Problem requirements:
Only the lines that hold the word "second" are wanted from this listing.

The records:
——

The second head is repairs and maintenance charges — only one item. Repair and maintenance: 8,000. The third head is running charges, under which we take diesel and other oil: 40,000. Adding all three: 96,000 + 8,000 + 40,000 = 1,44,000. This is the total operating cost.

——

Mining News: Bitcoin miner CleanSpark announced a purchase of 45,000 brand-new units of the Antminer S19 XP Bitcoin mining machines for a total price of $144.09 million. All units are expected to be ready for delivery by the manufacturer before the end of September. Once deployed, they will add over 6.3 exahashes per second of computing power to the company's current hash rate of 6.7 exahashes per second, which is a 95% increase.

——

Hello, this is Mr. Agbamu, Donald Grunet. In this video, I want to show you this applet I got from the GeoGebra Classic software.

——

The answer:
The second head is repairs and maintenance charges — only one item. Repair and maintenance: 8,000. The third head is running charges, under which we take diesel and other oil: 40,000. Adding all three: 96,000 + 8,000 + 40,000 = 1,44,000. This is the total operating cost.
Mining News: Bitcoin miner CleanSpark announced a purchase of 45,000 brand-new units of the Antminer S19 XP Bitcoin mining machines for a total price of $144.09 million. All units are expected to be ready for delivery by the manufacturer before the end of September. Once deployed, they will add over 6.3 exahashes per second of computing power to the company's current hash rate of 6.7 exahashes per second, which is a 95% increase.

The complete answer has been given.